But it also carries sizeable risks for GM, which is struggling to recover from a near-death experience that culminated in a court-supervised restructuring orchestrated by the Obama administration. The US and Canadian governments now own 72 per cent of the company.
GM said Thursday that Opel would remain “a fully integrated part of (its) global product-development organisation, allowing all parties to benefit from the exchange of technology and engineering resources”.
It noted that a new generation of electric vehicles “can only be brought to market in a joint effort”.
Nonetheless, with control of Opel slipping out of its hands, GM will have to loosen its tight grip on a core element of its research and development know-how.

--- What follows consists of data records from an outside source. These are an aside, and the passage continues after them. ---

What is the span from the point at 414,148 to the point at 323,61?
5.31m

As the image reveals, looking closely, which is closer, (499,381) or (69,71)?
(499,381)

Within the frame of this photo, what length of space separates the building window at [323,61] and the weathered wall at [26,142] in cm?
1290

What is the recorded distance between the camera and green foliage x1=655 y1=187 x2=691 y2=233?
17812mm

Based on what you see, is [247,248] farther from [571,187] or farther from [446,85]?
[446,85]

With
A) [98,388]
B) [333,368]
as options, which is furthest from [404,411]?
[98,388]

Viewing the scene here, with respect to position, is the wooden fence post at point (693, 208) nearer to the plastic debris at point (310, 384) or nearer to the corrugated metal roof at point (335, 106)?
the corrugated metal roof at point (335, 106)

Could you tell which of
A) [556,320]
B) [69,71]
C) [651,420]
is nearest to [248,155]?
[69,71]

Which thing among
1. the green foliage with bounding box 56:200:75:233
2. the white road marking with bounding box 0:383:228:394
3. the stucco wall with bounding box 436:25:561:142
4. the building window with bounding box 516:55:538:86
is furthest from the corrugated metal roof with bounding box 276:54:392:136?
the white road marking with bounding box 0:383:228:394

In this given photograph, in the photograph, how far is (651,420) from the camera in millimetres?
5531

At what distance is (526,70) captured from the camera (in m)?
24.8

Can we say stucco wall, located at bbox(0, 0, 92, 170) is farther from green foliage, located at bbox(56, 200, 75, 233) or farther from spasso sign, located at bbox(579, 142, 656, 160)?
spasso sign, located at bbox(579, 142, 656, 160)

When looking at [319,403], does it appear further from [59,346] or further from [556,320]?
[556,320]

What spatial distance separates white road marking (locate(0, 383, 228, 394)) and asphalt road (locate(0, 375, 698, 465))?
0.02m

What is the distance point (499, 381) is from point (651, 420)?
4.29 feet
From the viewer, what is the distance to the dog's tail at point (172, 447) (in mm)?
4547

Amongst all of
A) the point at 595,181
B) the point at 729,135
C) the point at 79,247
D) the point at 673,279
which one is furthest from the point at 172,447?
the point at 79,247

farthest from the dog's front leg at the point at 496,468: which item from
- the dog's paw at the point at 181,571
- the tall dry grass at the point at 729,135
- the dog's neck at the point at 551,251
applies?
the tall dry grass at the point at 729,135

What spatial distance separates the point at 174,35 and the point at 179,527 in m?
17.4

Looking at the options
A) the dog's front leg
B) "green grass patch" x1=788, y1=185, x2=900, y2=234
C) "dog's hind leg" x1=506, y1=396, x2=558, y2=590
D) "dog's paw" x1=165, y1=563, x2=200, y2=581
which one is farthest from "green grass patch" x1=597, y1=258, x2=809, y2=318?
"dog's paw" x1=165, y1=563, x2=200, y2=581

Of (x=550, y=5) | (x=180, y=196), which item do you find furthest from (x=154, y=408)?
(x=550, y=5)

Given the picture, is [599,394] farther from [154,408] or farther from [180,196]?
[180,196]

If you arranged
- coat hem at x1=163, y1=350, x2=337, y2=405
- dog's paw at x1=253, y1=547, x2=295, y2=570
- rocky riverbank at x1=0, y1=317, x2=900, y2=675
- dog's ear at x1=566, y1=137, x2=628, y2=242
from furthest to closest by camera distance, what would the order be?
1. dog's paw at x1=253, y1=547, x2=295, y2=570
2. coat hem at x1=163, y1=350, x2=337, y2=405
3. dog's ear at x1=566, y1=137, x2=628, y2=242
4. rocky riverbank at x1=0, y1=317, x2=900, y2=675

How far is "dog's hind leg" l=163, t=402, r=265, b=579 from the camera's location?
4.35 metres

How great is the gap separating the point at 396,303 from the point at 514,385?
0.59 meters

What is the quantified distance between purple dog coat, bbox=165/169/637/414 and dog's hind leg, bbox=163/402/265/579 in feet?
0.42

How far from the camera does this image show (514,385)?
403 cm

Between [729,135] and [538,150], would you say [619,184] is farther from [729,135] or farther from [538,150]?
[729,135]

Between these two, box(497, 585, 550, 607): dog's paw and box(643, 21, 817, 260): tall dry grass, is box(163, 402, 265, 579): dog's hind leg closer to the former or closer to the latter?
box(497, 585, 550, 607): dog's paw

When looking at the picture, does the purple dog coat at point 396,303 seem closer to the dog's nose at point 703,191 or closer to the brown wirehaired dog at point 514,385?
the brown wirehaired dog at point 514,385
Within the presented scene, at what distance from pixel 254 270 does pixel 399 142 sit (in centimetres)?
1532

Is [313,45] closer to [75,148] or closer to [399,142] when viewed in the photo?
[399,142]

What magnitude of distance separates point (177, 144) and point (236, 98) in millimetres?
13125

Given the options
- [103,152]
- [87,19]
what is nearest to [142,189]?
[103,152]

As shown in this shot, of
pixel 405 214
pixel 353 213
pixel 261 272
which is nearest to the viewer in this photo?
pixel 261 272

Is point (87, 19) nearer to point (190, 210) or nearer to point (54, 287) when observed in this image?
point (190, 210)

Opel’s design and development centre in Rüsselsheim, where the German carmaker is based, is responsible for the development of energy-efficient small and compact cars, an increasingly important element of every major carmaker’s strategy.

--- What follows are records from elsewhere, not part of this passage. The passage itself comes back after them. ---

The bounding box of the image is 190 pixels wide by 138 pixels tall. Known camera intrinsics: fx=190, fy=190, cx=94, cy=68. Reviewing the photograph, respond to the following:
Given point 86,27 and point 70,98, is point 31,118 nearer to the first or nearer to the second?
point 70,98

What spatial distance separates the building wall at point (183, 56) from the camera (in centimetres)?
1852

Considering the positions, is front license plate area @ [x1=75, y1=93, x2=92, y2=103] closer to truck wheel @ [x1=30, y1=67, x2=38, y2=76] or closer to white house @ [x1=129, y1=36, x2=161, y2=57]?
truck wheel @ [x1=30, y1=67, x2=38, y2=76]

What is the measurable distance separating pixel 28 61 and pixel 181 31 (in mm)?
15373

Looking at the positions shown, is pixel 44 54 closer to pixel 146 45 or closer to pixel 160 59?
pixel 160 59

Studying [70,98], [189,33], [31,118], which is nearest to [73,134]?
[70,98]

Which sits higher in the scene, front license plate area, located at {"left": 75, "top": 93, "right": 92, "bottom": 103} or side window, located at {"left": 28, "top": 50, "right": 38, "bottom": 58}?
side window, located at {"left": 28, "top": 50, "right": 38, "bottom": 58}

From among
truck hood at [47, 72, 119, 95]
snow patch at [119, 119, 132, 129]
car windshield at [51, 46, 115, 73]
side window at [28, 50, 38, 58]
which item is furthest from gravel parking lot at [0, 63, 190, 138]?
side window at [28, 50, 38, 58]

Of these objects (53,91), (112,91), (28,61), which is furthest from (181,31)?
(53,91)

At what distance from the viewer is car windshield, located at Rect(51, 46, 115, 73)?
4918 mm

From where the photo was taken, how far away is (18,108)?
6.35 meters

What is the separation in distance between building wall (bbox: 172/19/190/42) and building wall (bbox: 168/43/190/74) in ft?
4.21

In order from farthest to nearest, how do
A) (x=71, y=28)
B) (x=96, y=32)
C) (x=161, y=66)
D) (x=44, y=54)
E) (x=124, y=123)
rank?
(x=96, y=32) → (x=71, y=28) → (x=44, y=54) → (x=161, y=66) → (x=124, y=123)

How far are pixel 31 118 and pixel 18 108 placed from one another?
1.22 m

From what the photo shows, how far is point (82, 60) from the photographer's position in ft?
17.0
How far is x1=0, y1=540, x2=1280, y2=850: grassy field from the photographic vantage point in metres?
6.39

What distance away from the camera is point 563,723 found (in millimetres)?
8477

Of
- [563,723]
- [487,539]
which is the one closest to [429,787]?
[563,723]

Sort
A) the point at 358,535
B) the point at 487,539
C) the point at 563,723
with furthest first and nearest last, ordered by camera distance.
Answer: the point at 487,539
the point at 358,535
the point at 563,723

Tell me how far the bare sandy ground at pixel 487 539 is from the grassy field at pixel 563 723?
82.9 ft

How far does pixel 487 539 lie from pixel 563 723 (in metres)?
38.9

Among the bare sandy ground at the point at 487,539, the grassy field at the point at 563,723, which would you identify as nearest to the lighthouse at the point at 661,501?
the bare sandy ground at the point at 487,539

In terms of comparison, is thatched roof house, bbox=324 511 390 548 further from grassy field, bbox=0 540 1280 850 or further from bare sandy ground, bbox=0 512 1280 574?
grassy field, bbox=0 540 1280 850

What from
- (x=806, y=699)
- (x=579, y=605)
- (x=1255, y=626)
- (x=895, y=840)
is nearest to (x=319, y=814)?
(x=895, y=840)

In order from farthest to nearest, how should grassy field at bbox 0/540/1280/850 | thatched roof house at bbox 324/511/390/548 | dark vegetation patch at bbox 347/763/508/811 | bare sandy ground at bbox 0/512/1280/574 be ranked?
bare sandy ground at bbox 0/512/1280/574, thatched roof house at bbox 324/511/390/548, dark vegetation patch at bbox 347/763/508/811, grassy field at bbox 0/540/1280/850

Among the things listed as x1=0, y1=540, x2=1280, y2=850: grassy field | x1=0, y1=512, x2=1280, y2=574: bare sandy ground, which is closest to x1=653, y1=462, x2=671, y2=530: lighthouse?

A symbol of this technological prowess will be the new Astra compact car that Opel will unveil at the Frankfurt motor show, which starts next week.
Magna and the Russians will in the future be in the driver’s seat when it comes to decisions on major new development projects, giving GM less clout in the small and medium size segments that have become crucial in developed markets such as Europe and the US. Opel and Vauxhall, its UK operation, are GM’s strongholds in Europe. Together they employ about 55,000 people and sell around 1.5m cars each year, or about one-sixth of GM’s worldwide total.
The European operations posted a $1.6bn loss in 2008 on revenues of $34.4bn. In documents sent out to the bidders earlier this year, GM said it expected a loss before interest payments and tax of $3bn for 2009 for Opel and Vauxhall.
The decision to give Magna the nod will help GM management focus on its core business of selling cars in a tough US market.
In another step in its recovery process, the company is due to launch a campaign in the US this weekend aimed at rebuilding Americans’ trust in its vehicles and regaining some of the customers it has lost over the past two decades.
With the pending deal with Magna, GM managers have succeeded in their aim of clarifying Opel’s future before the Frankfurt show.
However, fallout from the sale is likely to continue as Germany and other European governments thrash out details of financial support.
German Chancellor Angela Merkel welcomed the deal on Thursday, saying that it showed that the “patience and single-mindedness” of her government had paid off.
But the reaction was less enthusiastic in the UK, where worries abound that Magna’s promise not to close any of GM’s four plants in Germany heighten the risk that one of the two Vauxhall plants in the UK could be sacrificed as part of a restructuring.
GM has bowed to intense pressure from the German government as well as Opel’s workforce, its works council and even some key managers in its decision to favour Magna over both a rival bid by RHJ International, the private-equity group, or indeed trying to hang on to Opel itself.
The German government held most of the cards after agreeing to back the restructuring of Opel with €4.5bn ($6.5bn) in loans and guarantees.
Berlin had made it clear that it would only stick to that agreement if GM backed the Magna bid.
Some senior Opel managers had also endorsed Magna’s bid, seeing a tie-up with the Canadians and Russians as a chance to regain some independence – 80 years after GM bought the German carmaker at the onset of the Great Depression.